The deficiency on the car loan may come up, or it may not. But whether it does or not, Steve is still clearly upside down on his current car. Here’s how this will play out…

After confident assurances by the dealer that, yes, Steve can buy a brand-new car, the process moves forward.

That’s because the dealer can make the deficiency do a disappearing act. Or so it will appear. Obviously, Steve has no down payment for the new car. No problem. And if he trades in his current car, he’ll have a shortfall. No problem there either!

Steve wants to buy a $30,000 car, and plans to do it with what he thinks will be 100% financing. But that’s not quite what will happen.

How Car Dealers Make Loan Deficiencies “Magically” Disappear

Sure, the dealer will give Steve 100% financing on the $30,000 car. But they’ll also add the $3,000 deficiency from the old car to the new loan. When Steve drives off the dealer lot with his $30,000 car, it’ll come complete with a $33,000 loan.

Do you see what happened there? The dealer simply took the deficiency from the old loan and rolled it over into the new loan! Maybe Steve knows that’s happening, and maybe he doesn’t.

All he knows is that he was able to drive away with the new car of his dreams. In the end, he’s still upside down – only this time he’s upside down on his brand-new car. 

Here’s the important take away:

Being upside down on a car is practically a lifestyle. Once you get upside down on one car, it carries over to the next.

Usually, the deficiency gets a little bigger each time. In theory, at least, you could spend a lifetime being upside down on your car. The upside down buyer is always at a disadvantage bargaining with a car dealer, because he needs the dealer to bail him out. 

Moral of the story: You can’t afford to buy a new car if you’re upside down your current car – no matter what the dealer says.

2. Know the Value of the Car You Want to Buy (And Stick to Your Budget!)

This is something every new car buyer should know, especially since there are so many resources online that can help.

Two of the very best sources are Kelly Blue Book and Edmunds.com. Both will provide you with reliable new-car values in your area.

But it’s even more important if you’re buying used.

After all, used-car values are based on very specific factors, such as the age and mileage of the car, as well as options and wear-and-tear. You’ll need to know the approximate value of the vehicle before you even begin negotiating on it.

The purpose of this step is to make sure you’re an informed buyer. If you know the approximate value of the vehicle, you’ll know immediately if a dealer or seller is trying to overcharge you.

Never assume that the dealer has your best interests in mind.

After all, he’s trying to get as much for his cars as possible. Your job is to make sure he doesn’t, at least not in your case.

If you really want to go in prepared, print off the value of the car you’re looking to buy. Be prepared use it as a negotiating tool.
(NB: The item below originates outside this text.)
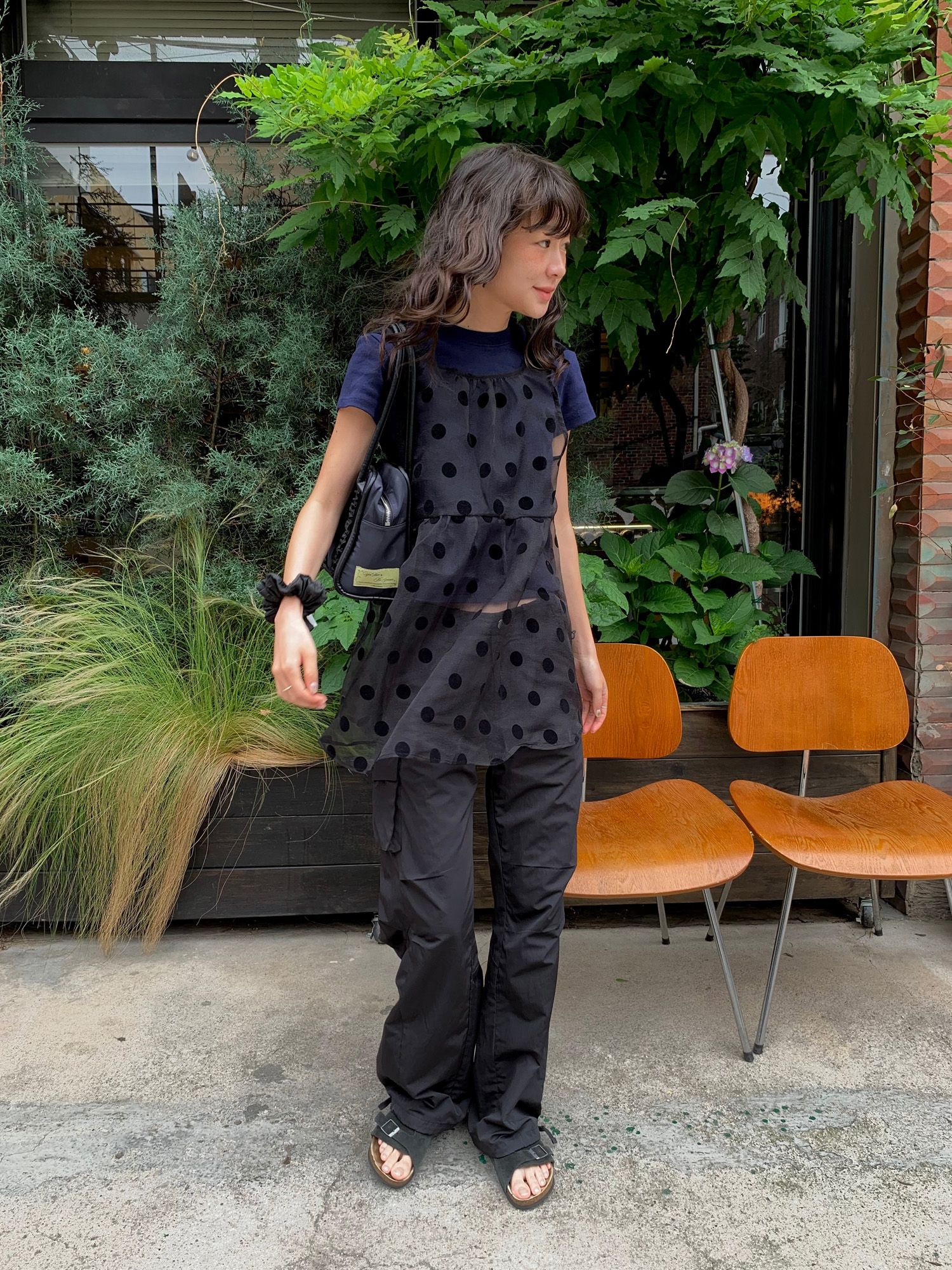 ● MA JOURNEE ● SHEER DOT ORGANZA DRESS_BLACK MUSINSA | MA JOURNEE SHEER DOT ORGANZA DRESS_BLACK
Few things get a car dealer to behave more than recognized third-party documentation.

3. Know the Value of the Car You Want to Trade In (HINT: NEVER Take The First Offer)

The same thing goes for the car you’ll be trading in. If you throw yourself at the mercy of the dealer on the trade in, you’ll have no idea if you’re getting a fair price.
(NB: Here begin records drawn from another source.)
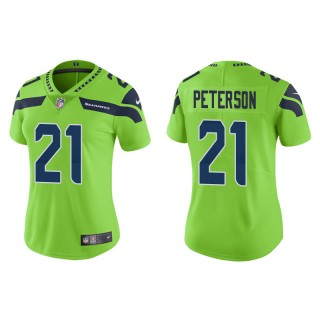 Women's Seattle Seahawks Adrian Peterson Green Color Rush Limited Jersey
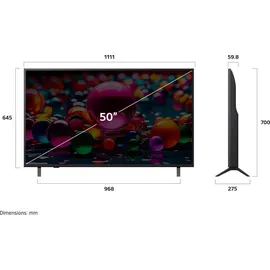 LG 50UA75006LA 50" LED 4K UHD AI Smart TV UA75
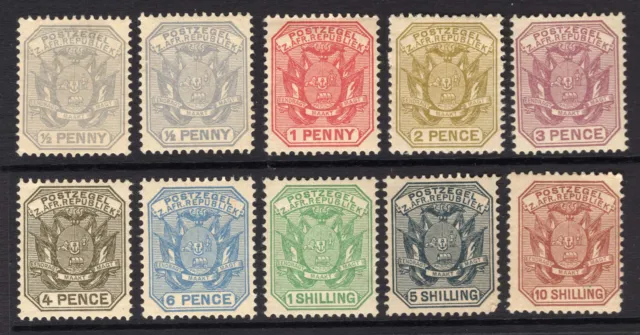 M20519 South African States ~ Transvaal 1895-96 SG205/12a - Definitives complete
You probably won’t; car dealers know how to sniff out a weak hand, and they’ll take full advantage.

Don’t let this happen to you.

You’ll get around the problem by knowing the value of the car you want to trade in. Once again, you can do this by checking the car’s value on Kelly Blue Book or Edmunds.com.

At the same time, be aware that valuations on used cars – which is what your trade-in will be – are more subjective.

For example, the condition of the car is a major gray zone. You may believe your car is in excellent condition, but the dealer may counter that it’s in average or even fair condition.

When you go on the valuation sites, be as objective as possible about this. Each allows you to rate the condition of your car, but you have to be as honest as possible.

Bring the car to a mechanic and ask for an evaluation of the condition – excellent, good, average, fair or poor. The difference in each classification could mean thousands of dollars.

If you’re accurate in evaluating the condition, you should get a pretty solid value of your car from the valuation sites.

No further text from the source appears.